L'erreur que tout le monde fait avec ses erreurs
Errer est vivant
« To err is human », écrivait Alexander Pope en 1711. Mais la philosophie contemporaine pousse cette intuition plus loin : se tromper n'est pas seulement humain, c'est le propre du vivant. Dans un essai publié en 2024, le philosophe David Oderberg, de l'Université de Reading, défend, avec son équipe, une théorie biologique de l'erreur. Ainsi, des poules domestiques — et c'est un fait documenté en éthologie — couvent parfois des balles de golf laissées dans leur enclos, les confondant avec des œufs. Des baleines s'échouent. Des grenouilles manquent leur proie. Ce que cette théorie souligne, c'est que la possibilité de dévier d'une norme, de rater son propre accomplissement, semble inhérente à tout organisme vivant. Ce qui ne peut pas se tromper — l'électron, la molécule — ne peut pas non plus apprendre, s'adapter, ni poursuivre quoi que ce soit.
Bien sûr, reconnaître cela ne revient pas à placer sur le même plan le ratage fonctionnel d'un organisme et la faute morale d'un sujet.
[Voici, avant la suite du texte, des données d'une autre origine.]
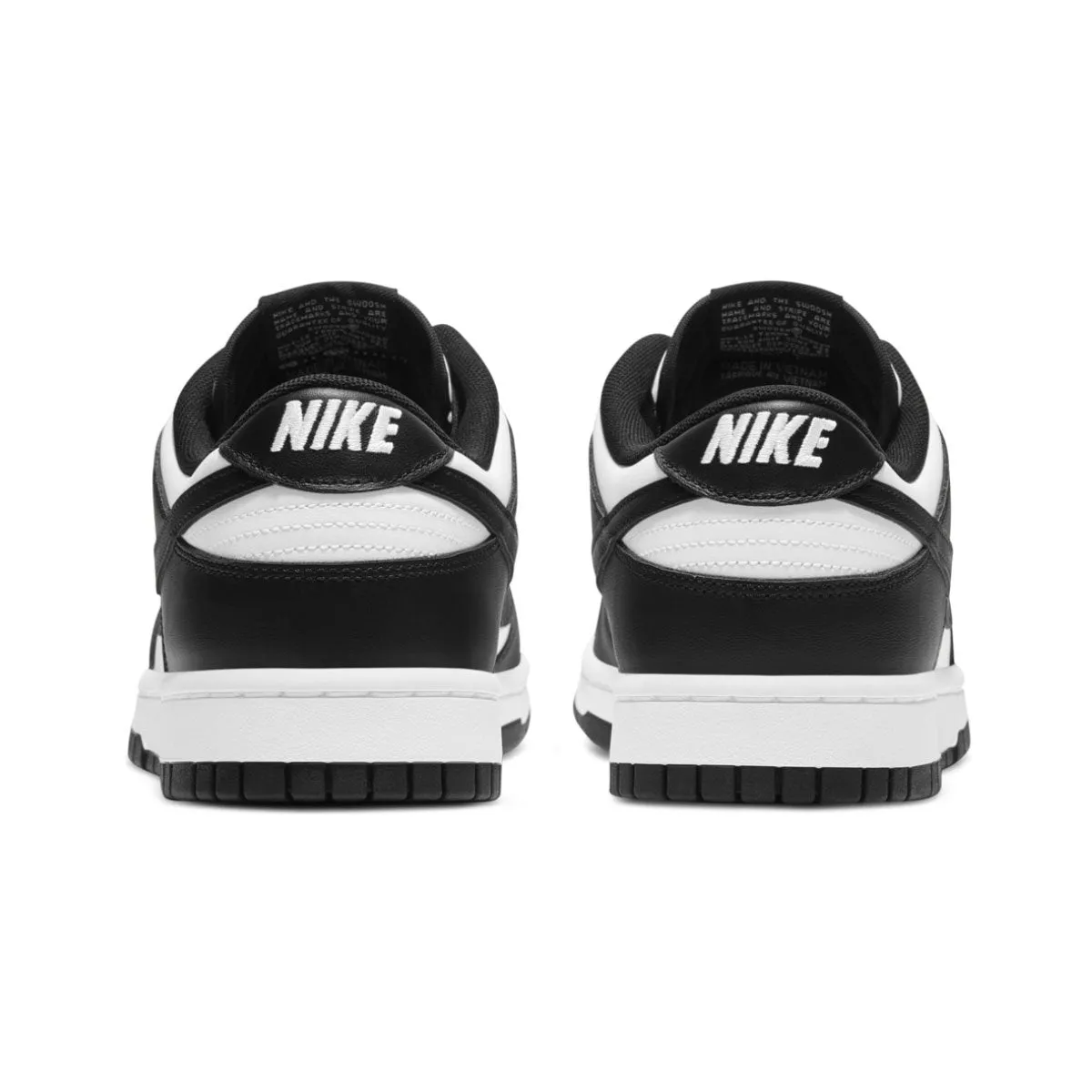 Nike Dunk Low Retro 'Panda' Men's Shoe Support Cushion Feel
Quand un être humain trahit une confiance, blesse un proche ou prend une décision dévastatrice dont il perçoit les conséquences, interviennent des dimensions que la grenouille ne connaît pas : l'intention, la liberté, la responsabilité, la conscience des normes, et la relation à une victime. Cette continuité entre faillibilité biologique et faillibilité humaine n'efface pas ces différences — elle les précède. Elle permet surtout une chose : dissocier l'erreur de l'idée d'une défaillance ontologique. Ce n'est pas parce qu'on a tort qu'on est fondamentalement mauvais. C'est parce qu'on est vivant qu'on peut se tromper.
J'ai voulu commencer cet article sur la clinique de l'erreur par la biologie. Parce que les patients qui souffrent de leurs erreurs commencent souvent précisément là : à confondre ce qu'ils ont fait avec ce qu'ils sont. Et parce que cette confusion, bien qu'universelle dans sa structure, n'en est pas moins évitable — et thérapeutiquement travaillable.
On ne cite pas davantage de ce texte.